Conformal Partial Waves and the Operator Product Expansion

TL;DR

This paper derives explicit formulas for conformal partial waves in four and six dimensions using differential equations and hypergeometric functions, enhancing understanding of operator contributions in conformal field theories.

Contribution

It provides new, succinct expressions for conformal partial waves in multiple dimensions, connecting differential equations, hypergeometric functions, and Jack polynomials.

Findings

Explicit conformal partial wave formulas in 4D and 6D.

Unified expression for any dimension using Jack polynomials.

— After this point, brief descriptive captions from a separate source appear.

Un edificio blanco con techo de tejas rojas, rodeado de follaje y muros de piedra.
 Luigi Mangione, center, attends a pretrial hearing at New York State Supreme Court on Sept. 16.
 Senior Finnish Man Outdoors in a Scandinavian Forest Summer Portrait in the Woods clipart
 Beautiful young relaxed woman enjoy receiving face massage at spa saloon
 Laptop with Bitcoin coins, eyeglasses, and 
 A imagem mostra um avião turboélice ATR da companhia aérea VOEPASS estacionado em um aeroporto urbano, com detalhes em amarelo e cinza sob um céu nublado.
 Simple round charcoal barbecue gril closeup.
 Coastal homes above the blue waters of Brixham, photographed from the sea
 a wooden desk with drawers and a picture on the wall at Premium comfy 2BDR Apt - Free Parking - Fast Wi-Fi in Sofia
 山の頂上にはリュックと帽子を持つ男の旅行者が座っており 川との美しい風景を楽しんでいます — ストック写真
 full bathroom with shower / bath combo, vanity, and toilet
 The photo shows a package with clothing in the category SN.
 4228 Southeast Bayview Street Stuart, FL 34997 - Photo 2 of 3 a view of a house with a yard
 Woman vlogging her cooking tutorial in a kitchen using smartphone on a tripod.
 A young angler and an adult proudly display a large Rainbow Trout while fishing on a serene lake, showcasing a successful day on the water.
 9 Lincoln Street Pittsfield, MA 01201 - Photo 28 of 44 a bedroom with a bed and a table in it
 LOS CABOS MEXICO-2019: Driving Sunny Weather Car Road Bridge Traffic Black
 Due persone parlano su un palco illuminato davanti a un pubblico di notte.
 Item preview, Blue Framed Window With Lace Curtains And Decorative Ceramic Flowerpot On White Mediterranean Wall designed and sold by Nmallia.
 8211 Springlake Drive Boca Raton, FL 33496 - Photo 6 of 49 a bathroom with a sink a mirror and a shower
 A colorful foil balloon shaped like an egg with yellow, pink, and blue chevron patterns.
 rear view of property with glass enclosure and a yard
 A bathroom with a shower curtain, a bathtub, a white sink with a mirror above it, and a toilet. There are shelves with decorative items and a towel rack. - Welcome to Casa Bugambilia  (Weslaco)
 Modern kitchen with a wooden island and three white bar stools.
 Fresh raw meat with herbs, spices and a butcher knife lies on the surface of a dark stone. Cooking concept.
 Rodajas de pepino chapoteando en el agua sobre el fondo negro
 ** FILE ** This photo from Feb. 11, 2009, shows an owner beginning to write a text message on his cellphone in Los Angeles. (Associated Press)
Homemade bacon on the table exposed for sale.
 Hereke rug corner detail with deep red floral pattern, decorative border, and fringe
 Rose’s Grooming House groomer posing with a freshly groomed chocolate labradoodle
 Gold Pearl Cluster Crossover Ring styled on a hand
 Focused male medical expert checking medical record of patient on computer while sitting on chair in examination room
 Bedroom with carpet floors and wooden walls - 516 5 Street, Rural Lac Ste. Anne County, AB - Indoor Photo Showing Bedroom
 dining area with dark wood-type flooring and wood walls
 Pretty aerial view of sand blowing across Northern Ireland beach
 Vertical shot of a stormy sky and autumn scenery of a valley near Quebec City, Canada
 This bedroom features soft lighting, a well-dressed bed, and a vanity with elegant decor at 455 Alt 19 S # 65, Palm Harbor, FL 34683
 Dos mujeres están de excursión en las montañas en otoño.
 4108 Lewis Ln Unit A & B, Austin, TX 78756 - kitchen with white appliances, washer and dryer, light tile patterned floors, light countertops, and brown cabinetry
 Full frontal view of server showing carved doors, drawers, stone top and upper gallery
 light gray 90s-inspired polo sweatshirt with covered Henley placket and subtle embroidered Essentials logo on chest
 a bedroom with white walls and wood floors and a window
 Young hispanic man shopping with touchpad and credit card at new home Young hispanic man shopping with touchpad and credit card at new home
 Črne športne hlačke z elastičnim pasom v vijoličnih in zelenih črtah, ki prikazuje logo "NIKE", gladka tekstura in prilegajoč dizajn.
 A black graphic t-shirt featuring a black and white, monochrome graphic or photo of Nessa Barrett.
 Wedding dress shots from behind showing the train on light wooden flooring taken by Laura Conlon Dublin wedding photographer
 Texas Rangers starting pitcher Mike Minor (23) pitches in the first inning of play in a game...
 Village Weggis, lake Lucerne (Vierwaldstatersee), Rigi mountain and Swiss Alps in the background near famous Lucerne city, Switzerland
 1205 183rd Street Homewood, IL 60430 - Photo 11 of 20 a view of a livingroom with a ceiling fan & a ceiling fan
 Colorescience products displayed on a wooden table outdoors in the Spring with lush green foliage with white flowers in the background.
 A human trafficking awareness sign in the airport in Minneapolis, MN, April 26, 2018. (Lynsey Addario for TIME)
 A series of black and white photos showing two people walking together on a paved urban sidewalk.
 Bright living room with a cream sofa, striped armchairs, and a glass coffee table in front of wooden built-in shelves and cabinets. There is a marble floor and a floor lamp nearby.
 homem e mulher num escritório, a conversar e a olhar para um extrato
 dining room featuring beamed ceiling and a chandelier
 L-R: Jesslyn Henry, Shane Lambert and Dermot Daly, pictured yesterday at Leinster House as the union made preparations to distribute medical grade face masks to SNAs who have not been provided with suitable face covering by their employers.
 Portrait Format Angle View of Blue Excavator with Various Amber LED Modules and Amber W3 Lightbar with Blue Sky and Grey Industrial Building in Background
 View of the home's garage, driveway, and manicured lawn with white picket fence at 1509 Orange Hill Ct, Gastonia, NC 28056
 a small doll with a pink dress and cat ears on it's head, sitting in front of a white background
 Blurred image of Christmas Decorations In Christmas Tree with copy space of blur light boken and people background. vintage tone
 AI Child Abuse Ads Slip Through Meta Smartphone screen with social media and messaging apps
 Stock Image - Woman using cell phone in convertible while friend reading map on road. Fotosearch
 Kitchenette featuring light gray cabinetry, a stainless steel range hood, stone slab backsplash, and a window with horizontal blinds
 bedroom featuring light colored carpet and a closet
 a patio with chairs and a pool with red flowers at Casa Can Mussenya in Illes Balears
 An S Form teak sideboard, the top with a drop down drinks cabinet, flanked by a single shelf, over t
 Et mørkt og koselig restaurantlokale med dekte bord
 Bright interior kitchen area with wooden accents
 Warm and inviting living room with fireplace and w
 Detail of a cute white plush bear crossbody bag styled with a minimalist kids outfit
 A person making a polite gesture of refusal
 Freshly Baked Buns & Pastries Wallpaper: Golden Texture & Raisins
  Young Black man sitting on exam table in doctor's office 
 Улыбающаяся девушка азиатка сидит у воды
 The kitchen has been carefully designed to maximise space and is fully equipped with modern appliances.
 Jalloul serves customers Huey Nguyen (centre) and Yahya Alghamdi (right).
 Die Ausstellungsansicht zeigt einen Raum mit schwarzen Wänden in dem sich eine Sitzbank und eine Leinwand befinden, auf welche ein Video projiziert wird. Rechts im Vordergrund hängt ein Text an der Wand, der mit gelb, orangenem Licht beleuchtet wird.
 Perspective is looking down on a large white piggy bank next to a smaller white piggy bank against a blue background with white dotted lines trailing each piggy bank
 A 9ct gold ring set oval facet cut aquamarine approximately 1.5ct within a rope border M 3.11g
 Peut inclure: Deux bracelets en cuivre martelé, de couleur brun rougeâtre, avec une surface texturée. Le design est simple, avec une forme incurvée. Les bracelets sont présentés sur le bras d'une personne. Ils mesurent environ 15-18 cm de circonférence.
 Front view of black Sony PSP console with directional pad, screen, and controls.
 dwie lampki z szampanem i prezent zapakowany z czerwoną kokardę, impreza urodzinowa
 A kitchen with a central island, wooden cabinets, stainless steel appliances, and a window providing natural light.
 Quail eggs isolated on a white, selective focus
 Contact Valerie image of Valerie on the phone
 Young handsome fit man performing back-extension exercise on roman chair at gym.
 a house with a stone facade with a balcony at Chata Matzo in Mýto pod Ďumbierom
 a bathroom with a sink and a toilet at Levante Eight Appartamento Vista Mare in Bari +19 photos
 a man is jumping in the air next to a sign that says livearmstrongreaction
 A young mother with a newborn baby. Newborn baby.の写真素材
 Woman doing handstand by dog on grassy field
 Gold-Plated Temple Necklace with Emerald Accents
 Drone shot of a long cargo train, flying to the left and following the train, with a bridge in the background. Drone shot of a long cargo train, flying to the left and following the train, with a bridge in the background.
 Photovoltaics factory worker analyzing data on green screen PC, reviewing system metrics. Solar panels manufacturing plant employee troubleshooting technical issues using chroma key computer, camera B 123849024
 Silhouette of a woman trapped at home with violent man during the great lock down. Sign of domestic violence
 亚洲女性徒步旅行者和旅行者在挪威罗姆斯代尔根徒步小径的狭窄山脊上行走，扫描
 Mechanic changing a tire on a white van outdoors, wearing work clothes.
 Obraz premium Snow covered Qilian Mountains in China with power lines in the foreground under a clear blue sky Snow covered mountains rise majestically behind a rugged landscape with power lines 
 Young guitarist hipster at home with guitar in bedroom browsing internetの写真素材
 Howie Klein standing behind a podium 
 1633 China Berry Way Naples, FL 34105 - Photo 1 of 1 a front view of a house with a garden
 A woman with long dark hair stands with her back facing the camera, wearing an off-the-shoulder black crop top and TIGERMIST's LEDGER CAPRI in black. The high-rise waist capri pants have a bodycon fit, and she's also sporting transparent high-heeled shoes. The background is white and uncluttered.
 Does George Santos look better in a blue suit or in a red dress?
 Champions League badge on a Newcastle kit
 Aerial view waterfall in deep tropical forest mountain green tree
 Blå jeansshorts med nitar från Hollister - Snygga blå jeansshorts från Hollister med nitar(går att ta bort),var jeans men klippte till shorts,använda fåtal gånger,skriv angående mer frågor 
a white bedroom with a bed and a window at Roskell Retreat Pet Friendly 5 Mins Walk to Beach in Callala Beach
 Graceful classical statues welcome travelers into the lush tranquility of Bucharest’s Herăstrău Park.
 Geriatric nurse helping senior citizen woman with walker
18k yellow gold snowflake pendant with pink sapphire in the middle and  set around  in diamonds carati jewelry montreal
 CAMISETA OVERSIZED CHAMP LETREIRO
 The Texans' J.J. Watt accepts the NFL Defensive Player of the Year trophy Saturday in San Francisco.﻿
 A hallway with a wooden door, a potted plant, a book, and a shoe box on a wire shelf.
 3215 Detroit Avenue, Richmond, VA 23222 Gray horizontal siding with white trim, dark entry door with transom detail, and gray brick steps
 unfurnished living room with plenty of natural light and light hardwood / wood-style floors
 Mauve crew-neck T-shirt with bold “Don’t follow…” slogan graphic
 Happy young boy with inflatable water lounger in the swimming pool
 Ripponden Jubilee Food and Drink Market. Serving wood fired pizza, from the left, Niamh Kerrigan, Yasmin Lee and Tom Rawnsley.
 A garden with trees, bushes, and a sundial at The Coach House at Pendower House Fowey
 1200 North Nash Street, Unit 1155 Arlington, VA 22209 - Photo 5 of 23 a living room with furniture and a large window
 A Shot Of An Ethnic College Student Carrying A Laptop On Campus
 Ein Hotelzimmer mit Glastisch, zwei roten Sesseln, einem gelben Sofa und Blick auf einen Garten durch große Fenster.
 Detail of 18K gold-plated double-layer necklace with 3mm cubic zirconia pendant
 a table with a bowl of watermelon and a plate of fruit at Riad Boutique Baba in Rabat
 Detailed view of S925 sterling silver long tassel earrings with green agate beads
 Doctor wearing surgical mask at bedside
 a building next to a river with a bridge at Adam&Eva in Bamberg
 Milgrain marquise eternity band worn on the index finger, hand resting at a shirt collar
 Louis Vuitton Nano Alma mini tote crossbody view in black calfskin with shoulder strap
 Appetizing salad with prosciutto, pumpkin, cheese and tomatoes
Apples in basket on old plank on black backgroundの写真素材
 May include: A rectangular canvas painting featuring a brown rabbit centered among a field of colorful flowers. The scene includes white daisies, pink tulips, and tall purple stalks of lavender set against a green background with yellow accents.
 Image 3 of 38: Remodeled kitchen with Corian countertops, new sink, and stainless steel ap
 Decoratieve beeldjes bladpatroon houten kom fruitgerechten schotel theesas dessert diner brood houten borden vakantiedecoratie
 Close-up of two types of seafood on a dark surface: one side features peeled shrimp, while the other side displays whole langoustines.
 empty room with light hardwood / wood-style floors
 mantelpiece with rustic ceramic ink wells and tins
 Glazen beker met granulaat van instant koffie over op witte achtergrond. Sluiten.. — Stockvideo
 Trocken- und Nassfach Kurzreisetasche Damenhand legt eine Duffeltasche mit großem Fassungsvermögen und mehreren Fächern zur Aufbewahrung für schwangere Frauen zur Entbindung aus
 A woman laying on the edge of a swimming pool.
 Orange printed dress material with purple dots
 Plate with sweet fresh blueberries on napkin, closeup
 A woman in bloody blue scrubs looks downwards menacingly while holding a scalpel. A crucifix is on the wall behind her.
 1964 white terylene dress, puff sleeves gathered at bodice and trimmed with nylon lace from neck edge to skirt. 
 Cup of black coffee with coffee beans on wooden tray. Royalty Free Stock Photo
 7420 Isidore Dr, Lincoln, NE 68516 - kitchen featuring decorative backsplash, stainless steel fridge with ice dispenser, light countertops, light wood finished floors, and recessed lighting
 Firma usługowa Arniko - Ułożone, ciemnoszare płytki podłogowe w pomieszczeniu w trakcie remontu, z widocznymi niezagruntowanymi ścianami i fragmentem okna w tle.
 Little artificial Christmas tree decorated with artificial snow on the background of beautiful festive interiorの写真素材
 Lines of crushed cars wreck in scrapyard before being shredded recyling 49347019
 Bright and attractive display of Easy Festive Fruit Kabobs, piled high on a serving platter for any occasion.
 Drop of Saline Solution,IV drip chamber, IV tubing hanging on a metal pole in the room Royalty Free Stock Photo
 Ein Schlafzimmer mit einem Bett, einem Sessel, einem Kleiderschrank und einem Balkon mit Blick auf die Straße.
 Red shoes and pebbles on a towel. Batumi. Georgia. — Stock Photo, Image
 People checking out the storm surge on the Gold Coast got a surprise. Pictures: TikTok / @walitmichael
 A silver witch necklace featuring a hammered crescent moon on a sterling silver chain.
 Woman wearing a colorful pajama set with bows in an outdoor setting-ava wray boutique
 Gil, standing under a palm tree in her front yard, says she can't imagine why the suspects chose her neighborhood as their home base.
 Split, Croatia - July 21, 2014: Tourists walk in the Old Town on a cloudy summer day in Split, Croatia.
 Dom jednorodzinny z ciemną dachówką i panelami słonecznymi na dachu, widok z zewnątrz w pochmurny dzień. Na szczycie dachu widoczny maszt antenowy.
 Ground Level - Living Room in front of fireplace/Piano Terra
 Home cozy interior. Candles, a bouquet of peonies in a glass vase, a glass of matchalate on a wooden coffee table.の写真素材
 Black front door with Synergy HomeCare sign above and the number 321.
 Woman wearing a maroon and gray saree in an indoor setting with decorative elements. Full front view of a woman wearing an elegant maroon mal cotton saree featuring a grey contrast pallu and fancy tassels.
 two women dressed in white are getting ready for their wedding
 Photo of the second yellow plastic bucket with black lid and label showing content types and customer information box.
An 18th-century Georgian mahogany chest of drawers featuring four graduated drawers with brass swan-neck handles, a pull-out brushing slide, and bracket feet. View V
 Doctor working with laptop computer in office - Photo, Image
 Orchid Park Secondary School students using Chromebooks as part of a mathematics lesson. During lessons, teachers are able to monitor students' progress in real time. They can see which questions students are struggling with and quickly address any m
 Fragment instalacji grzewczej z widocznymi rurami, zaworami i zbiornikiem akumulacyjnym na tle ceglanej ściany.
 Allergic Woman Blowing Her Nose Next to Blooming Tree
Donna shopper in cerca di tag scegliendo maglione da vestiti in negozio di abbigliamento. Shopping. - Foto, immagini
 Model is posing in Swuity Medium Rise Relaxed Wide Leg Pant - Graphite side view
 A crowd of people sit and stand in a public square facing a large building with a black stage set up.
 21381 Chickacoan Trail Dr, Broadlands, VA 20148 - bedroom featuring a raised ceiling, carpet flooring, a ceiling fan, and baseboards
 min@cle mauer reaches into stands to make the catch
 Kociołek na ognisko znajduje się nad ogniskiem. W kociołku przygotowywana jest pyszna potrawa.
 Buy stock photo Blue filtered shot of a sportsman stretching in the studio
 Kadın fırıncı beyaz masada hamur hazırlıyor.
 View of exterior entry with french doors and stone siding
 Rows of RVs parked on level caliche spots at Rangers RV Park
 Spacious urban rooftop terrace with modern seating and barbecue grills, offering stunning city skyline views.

Connections between conformal invariants and hypergeometric functions.

Abstract

By solving the two variable differential equations which arise from finding the eigenfunctions for the Casimir operator for $O(d,2)$ succinct expressions are found for the functions, conformal partial waves, representing the contribution of an operator of arbitrary scale dimension $\Delta$ and spin $\ell$ together with its descendants to conformal four point functions for $d=4$, recovering old results, and also for $d=6$. The results are expressed in terms of ordinary hypergeometric functions of variables $x,z$ which are simply related to the usual conformal invariants. An expression for the conformal partial wave amplitude valid for any dimension is also found in terms of a sum over two variable symmetric Jack polynomials which is used to derive relations for the conformal partial waves.